Reste donc, messieurs, la possession, la conservation du territoire africain que nous avons conquis. C'est ainsi que la question doit être posée. Eh bien! ainsi posée, y a-t-il ou n'y a-t-il pas deux systèmes de conduite, deux modes d'administration entre lesquels le gouvernement français soit appelé à choisir? Voilà la vraie question. Je la resserre à dessein dans ces limites, et c'est dans ces limites que je me propose de soumettre de courtes observations à la Chambre.
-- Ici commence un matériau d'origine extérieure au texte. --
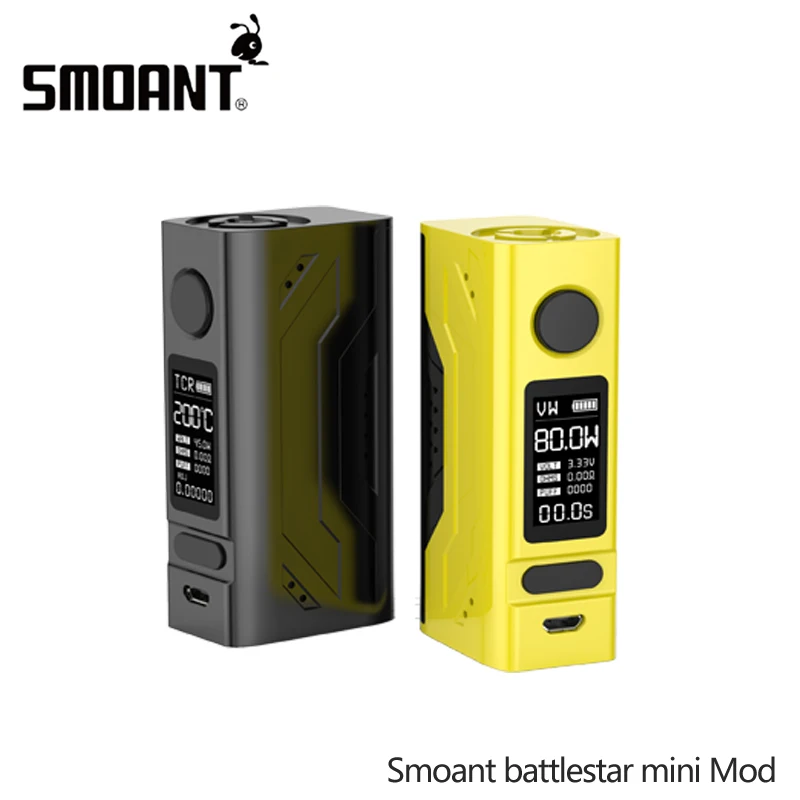 Оригинальный мод Smoant battlestar mini 80 Вт TC TCR бокс электронная сигарета испаритель 18650|mod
Je ne voudrais pas, messieurs, me servir du mot de système: c'est trop dire. La différence qui existe, au moins en commençant, entre les deux conduites qu'on peut tenir, je crois, à l'égard de nos possessions d'Afrique, n'est pas assez fondamentale, assez radicale pour qu'on puisse dire qu'il s'agit de deux systèmes en présence. Cependant je crois la différence réelle; et de même que deux lignes qui à l'origine sont presque parallèles, s'éloignent à mesure qu'elles se déploient, et avec l'aide de l'espace et du temps, peuvent conduire à des résultats fort contraires, quoique presque confondues à leur point de départ, de même deux conduites, deux modes d'administration, quoique très-semblables en apparence à leur origine, quoique entraînant les mêmes dépenses, exigeant les mêmes efforts, peuvent, dans l'avenir, différer essentiellement et avoir des conséquences, l'un utiles, l'autre contraires aux intérêts du pays.

Or, messieurs, il y a une conduite que je me permettrai d'appeler agitée, guerroyante, jalouse d'aller vite, d'aller loin, d'étendre brusquement, par la ruse ou par la force, la domination française, la domination officielle française, sur toutes les parties, sur toutes les tribus du territoire de l'ancienne régence.

Il y a une autre conduite moins inquiète, moins guerroyante, plus lente, plus pacifique, qui aurait pour objet d'établir fermement l'autorité, la possession française sur certaines parties du territoire, sur les parties appropriées aux premiers temps de notre occupation, et qui s'appliquant, de là, à entretenir de bonnes relations avec les indigènes, ne les inquiéterait pas immédiatement sur leur indépendance, ne leur ferait la guerre que par force, en cas d'absolue nécessité.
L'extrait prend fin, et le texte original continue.